President Higgins pays tribute to ‘genius’ of late Peter O’Toole

President tells memorial at the Old Vic in London of friendship with mischievous actor


President Michael D Higgins has paid tribute to the late Peter O’Toole, describing him as a man of grace and genius, during a memorial event in London today.

O’Toole, who achieved stardom in the Oscar-winning classic Lawrence Of Arabia, died in December aged 81, and was renowned for wild living as well as his brilliance as a performer on stage and screen.

Speaking at the event at the Old Vic Theatre in London today, Mr Higgins said the O’Toole “that I knew and loved was a man of immense charm, grace, intelligence and eloquence who was assiduously professional about the vocation of acting.
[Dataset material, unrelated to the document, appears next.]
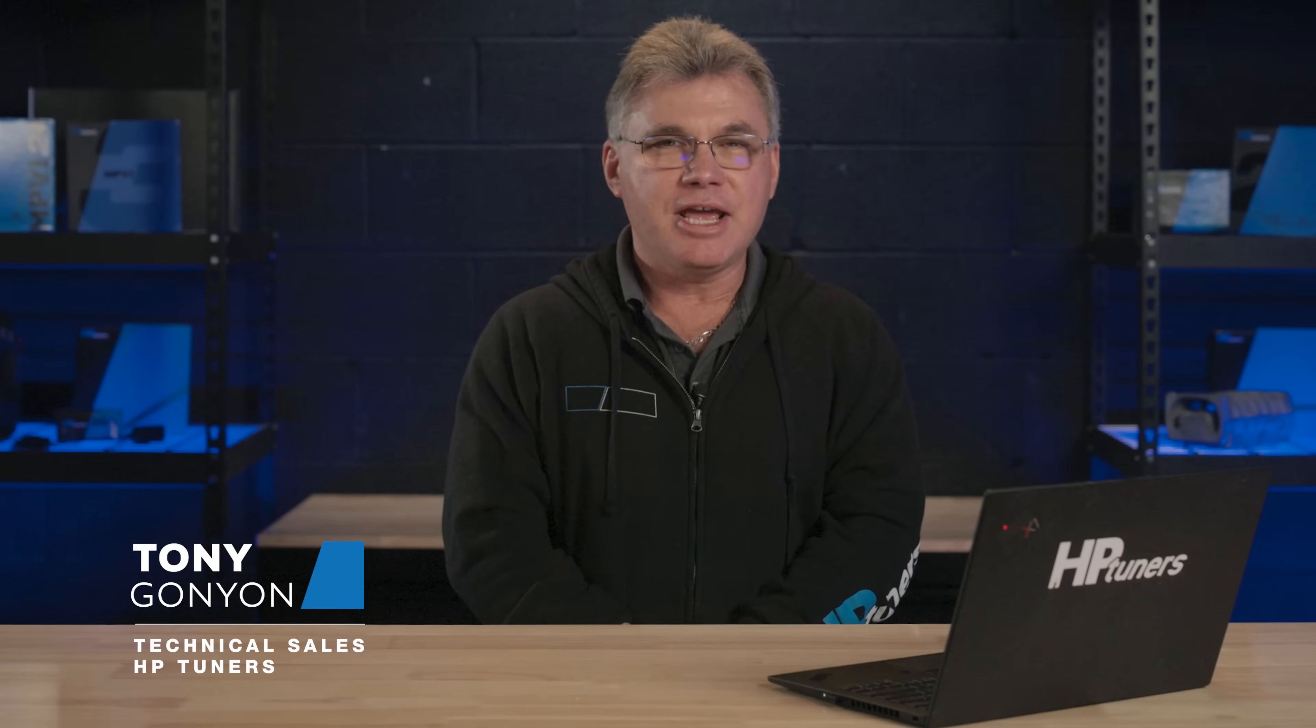Hey guys, welcome to another video with HP Tuners. Today we're talking transmission tuning. Think of this as a one-on-one course on why you might want to consider tuning your transmission, especially if you're already tuning your vehicle's engine. This video is a very basic overview of what parameters you'd want to look at when tuning your transmission. Let's get into it.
“To be in his company or to share his friendship was not an experience in the raising of hell - as some tabloids would have it - rather it was about the witness of great talent, mischief, and genius too,” he said.

The eight-time Academy Award nominee - who never won Hollywood’s top acting honour - shot to stardom 50 years ago in the title role of Lawrence Of Arabia, which earned seven Oscars, including best picture and director for David Lean.
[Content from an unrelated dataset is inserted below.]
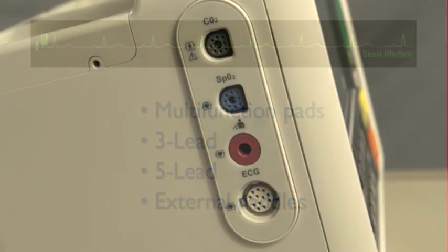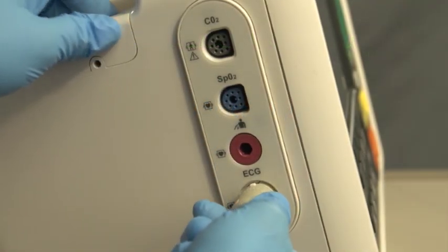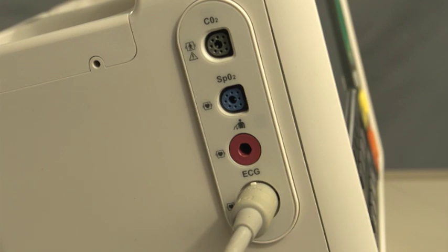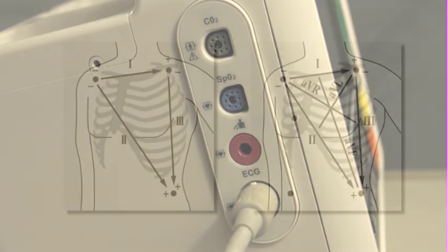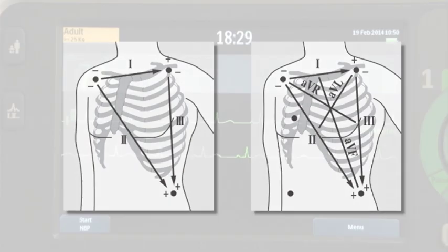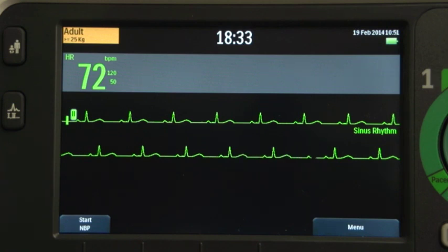The ECG cable is color-coded and keyed to fit the white ECG port. For proper lead placement in three and five lead sets, consult the instructions for use. The monitoring leads available depend on what type of ECG cable is connected to the DFM100.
His performance as British adventurer TE Lawrence brought him his first best-actor nomination but set him on an unenviable path of Oscar futility. His eight losses without a win is a record among actors.

O’Toole received Oscar nominations for Becket (1964); The Lion In Winter (1968); Goodbye, Mr Chips (1969); The Ruling Class (1972); The Stunt Man (1980); and My Favourite Year (1982).

In the latter film, O’Toole played a dissolute actor preoccupied with drink and debauchery, seemingly a tailor-made role for a star known in his early years for epic carousing with such fellow party animals as Richard Burton, Richard Harris and Peter Finch.

He received an honorary Academy Award in 2003 for his lifetime’s work and retired from showbusiness in 2012.

No living person is sure whether his birthplace was Connemara, Dublin or Leeds.

Mr Higgins said he met O’Toole in 1969, introduced by a mutual friend, beginning a friendship lasting 44 years. He said O’Toole was destined to be a star.

The President said that when he was a boy he had written in his notebook: “I will not be a common man. I will stir the smooth sands of monotony.”

Mr Higgins said that from his breakthrough role in Lawrence of Arabia to the end of his life, “this early reference to sands was somewhat prophetic.”

Amid anecdotes about O’Toole’s love of rugby and cricket - and his battle to control a rabbit problem at his Clifden garden - Mr Higgins mused on his friend’s longevity.

“It was Peter’s great sense of hope, of belief in his craft, that kept him so productive during an acting career that spanned over five decades,” he said.

“It was that affirmative sense of hope and sophisticated sense of what was important in his craft that allowed him to embrace with enthusiasm each of his eight Oscar nominations for an acting role without harbouring any resentment a lesser mortal would have felt when the cruel serendipities of timing snatched from his grasp, what others might have considered, the ultimate prize.”

O’Toole went into acting after serving in the Royal Navy, studying at London’s Royal Academy of Dramatic Art.

His early stage successes included the lead in Hamlet and Shylock in The Merchant of Venice.

In 2003, aged 70, O’Toole received an honorary Oscar, often given as a consolation prize for acclaimed actors and filmmakers who never managed to win Hollywood’s top award.

Mr Higgins concluded: “We will not see his like again.”